更には高温になるとえぐみや渋みも出やすくなるため温度管理をしたり、熟成中も定期的に顕微鏡で酵母を監視し、バクテリアが発生しないようにしているそうで、そういう、細やかな仕事からあのラピエールの味わいが出来上がっているのかと思うと、本当に大切に飲まなければと、改めて思いました。
P1070576
P1070578
そして新ヴィンテージをテイスティング。
2014年はいい年しか造らないという“キュヴェ・ラピエール”もお目見え!
樹齢120年という古木のなせる技をまざまざと見せつけられました。
P1070589

さらにその後、ボージョレーのグラン・クリュとでもいうべきコート・ド・ピィの畑へ。
標高352mのピィの丘は思った以上に急斜面で頂上に行くにつれ花崗岩の岩が大きくなっていきます。
P1070591
P1070599P1070600
すぐ隣の畑は違う人の畑だそうですが、ラピエールの畑との違いは一目瞭然。
P1070597
ラピエールの畑(丁寧に耕されており、斜面と垂直に植えられている) 
P1070610
 隣の違う人の畑(農薬ばっちり。斜面と並行に植えられている)

やはり、畑仕事は大切だとここでも思い知らされました。


ランチはマチュ―と共にフルーリーにある人気のレストランへ。
平日の昼間だというのにほぼ満席です。
P1070611
今日のメインはシャロレ牛(白いブランド牛)のステーキ。
P1070614P1070615
てっきり3~4人前かと思ったらこれで一人分とな。美味しい!けどく、くるしい。でもマチューはものの5分で平らげてました。恐るべしフランス人。
さらにジョルジュ・デ・コンブの長男であるダミアンも顔を出してくれました。
P1070618
向かって右がダミアン。左は親友であり、このレストランのシェフ。

そして次に向かったのは、フルーリーより南、ブルイィにある若手の中でも一目置かれる存在のレミ・デュフェイトル。
ラパリュで修業し、ラピエールとも並ぶボージョレーのビッグ4の一人、ジャン・フォワイヤールにも師事。
自身のドメーヌは2010年からとまだ新しい生産者ながら、ラパリュの古木のガメイも譲り受けるほど、先輩後輩問わず周りの生産者から厚く信頼されています。

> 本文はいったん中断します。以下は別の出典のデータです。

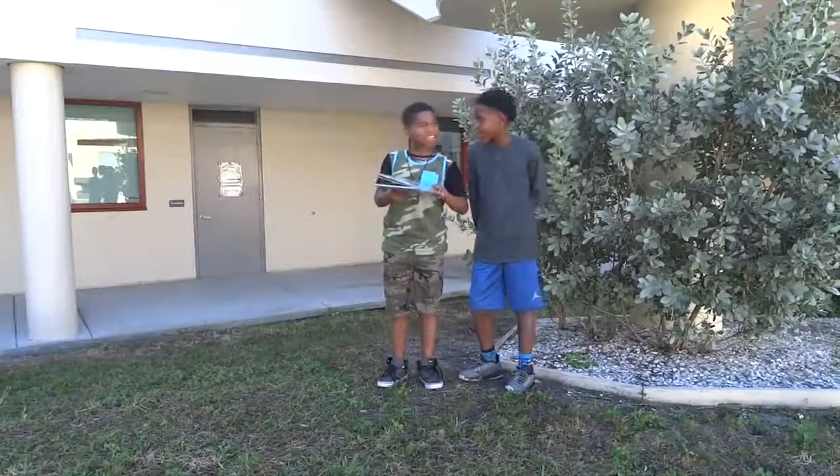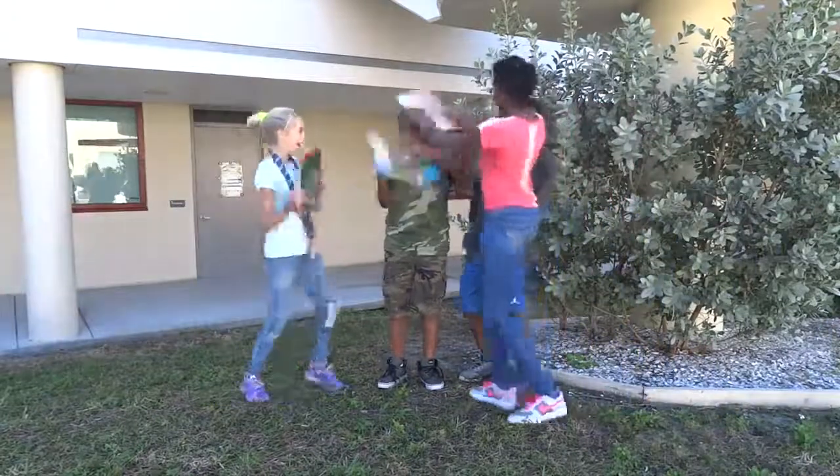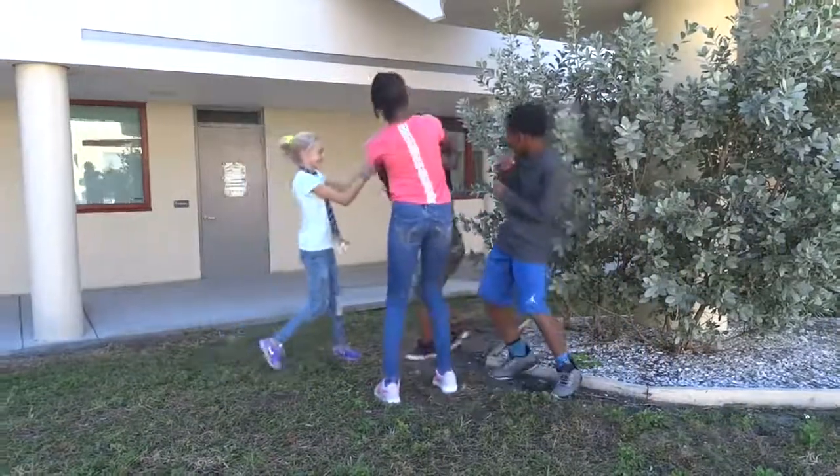Hey, the girls are coming. Hey ladies, come check out my book. Hey, stop! Is your head okay? Just lumpy.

パッと見、チンピラっぽいですが(失礼)決断力のあるいい漢。
まだまだ試行錯誤の真っただ中ということで、研究の為一部除草せずにやってみたり、サンソ―やグルナッシュといった他地域の品種も実験的に植えてみたりしているそうで勉強熱心。みんなから信頼されるというのがわかります。
P1070627
P1070628P1070632
P1070634P1070636
P1070637P1070651
自宅兼醸造所では「みんな自分の家だと思って自由に寛いで。醸造所も好きに見ていいから」ととっても気さく。
アミューズも出してくれ、テイスティングというよりアペロタイムに突入です。
P1070653P1070665
P1070657P1070658
P1070661P1070655
昼間あんなに飲んだのに、スルスルと沁み込んでいくような優しい味わいに気が付けばマグナムも3本ほど空いていました(笑)
ラピエールとはまた違った魅力でこれからのボージョレーにますます期待を寄せました。